Query Understanding and Voice Interfaces

Daniel Tunkelang
Query Understanding
2 min readMay 29, 2018

--

On the surface, using a voice interface for search doesn’t seem that different from typing text into a search box.

Converting speech to text and vice versa is a mostly solved problem.

Speech recognition, while still not perfect, has matured to the point that it is ubiquitous.
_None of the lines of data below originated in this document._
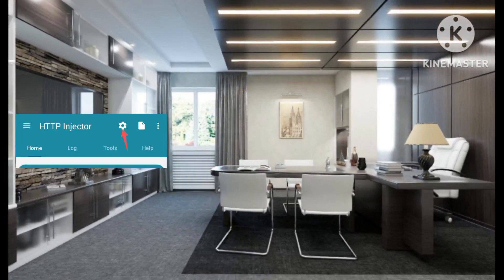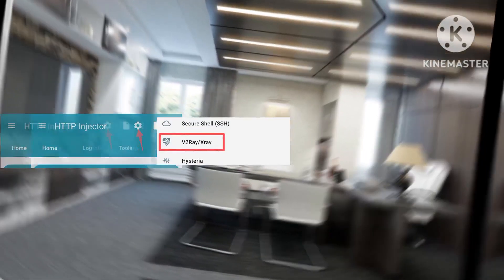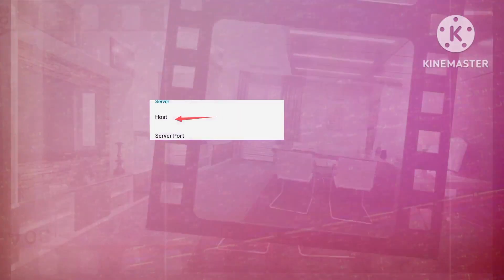Access the settings icon, choose V2Ray/XRay, and tap the plus symbol. Paste the copied information, verify the host option with a functional server name indication (SNI), and save the changes by clicking OK.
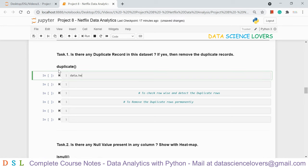Task 2 is about null values: is there any null value present in any column? To find null values, we use 'data.isnull()', which shows the result as True or False — True means null value present, False means no null value. To get the count of null values in each column, we use 'data.isnull().sum()'. The Director column has the maximum null values at 2388, while the Rating column has only 7 null values.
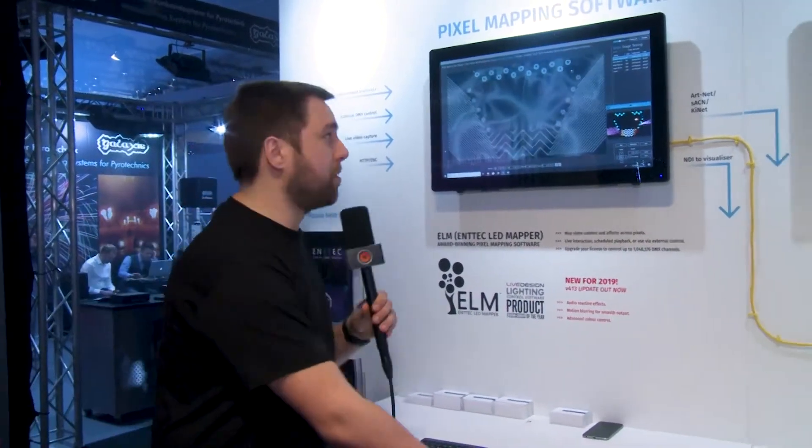It has the ability of mapping LEDs of all different varieties and outputting either streaming ACN or Artnet across a massive range of universes — up to over 2,000 universes it has the ability to control. In our latest software release we now have audio reactive effects, so we can have audio playing back. Really simple to use.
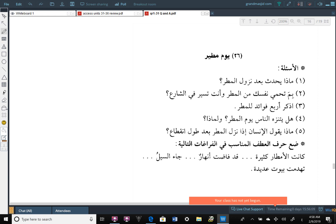Alhamdulillah, wa salatu wa salam ala rasulillah, wa ala alihi wa ashabihi wa man wala amma ba'du. Assalamualaikum warahmatullahi wabarakatuh.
Application developers can leverage the major cloud providers — namely, Amazon, Microsoft, and Google —which provide reasonably priced APIs to use their speech-to-text services.

Meanwhile, computers have been able to talk to us for decades, and the quality of synthesized speech today is far more natural than when the Software Automatic Mouth (SAM) speech synthesizer was released for personal computers in 1982. Indeed recent developments like Google Duplex have raised concerns that people will be unable to distinguish human speakers from AIs.

So, while there’s still ample opportunity to improve on both speech recognition and speech synthesis, both are good enough for everyday use.

But there’s a big gap between recognizing speech and understanding it.

At best, speech recognition reduces the problem of query understanding with voice to the problem of query understanding. But the state of query understanding is far less mature than that of speech recognition. Indeed the ability of computers to recognize speech but not understand it can be particularly frustrating searchers who don’t distinguish the two problems.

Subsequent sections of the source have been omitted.